Priest Abuse Records Unsealed
Category: Church and State
Posted on: November 30, 2006 9:43 AM, by Ed Brayton
A Federal judge in Dallas unsealed the records concerning a series of cases of sexual abuse by priests in a single diocese in Texas. The Dallas Morning News reports on what was in these records and it's stunning. A couple of examples:
1. Rev. Philip Magaldi. Magaldi. In 1997, the church finds him guilty of paying an 18 year old to give him enemas (after buying him drinks). Bishop Joseph Delaney decides that his punishment is to do some volunteer work. He does remove him from working with altar boys, but he leaves him as chaplain of the church's boy scouts program. The next year a man in Massachusetts comes forward to say that this priest had abused him back in the 70s when he was a priest in Rhode Island, also with enemas. He was briefly suspended but returned to the ministry in 1999, when he was again accused of sexual misconduct. Even after that, he was still allowed to continue in the ministry at a retirement home until a new bishop finally removed him.

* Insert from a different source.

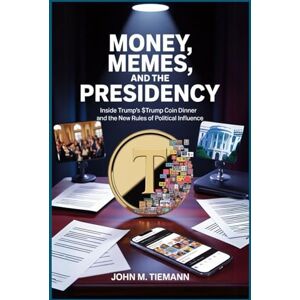 Tiemann, John M. Money, Memes, and the Presidency: Inside Trump’s $TRUMP Coin Dinner and the New Rules of Political Influence Tiemann, John M. Money, Memes, and the Presidency: Inside Trump’s $TRUMP Coin Dinner and the New Rules of Political Influence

2. Rev. James Reilly. He molested three young boys in the 70s. Bishop Delaney says that he had heard other "allusions" to previous incidents like this involving this priest, yet he told the Philadelphia Diocese, where Reilly had been moved, that he didn't think he was any threat to anyone. The Philadelphia diocese let him stay until his death in 1999. Meanwhile, several more men have come out and accused him of having abused them when they were children.
And here's the kicker: not one of these cases, over the course of several decades, was reported to the police. If the principal of a school found out that a teacher under his authority was molesting children and just transferred them to another school without reporting it to the police, that principal would be in jail. So should Bishop Delaney. He is an accessory after the fact and complicit in covering up multiple felonies. He should be in prison. And the same thing goes for Cardinal Law and every other Catholic Church official involved in every single case. The moment they heard a report of such abuse by a priest, they should have called the police. The fact that they failed to do so in hundreds, perhaps thousands, of cases goes beyond negligence and becomes nothing less than aiding and abetting.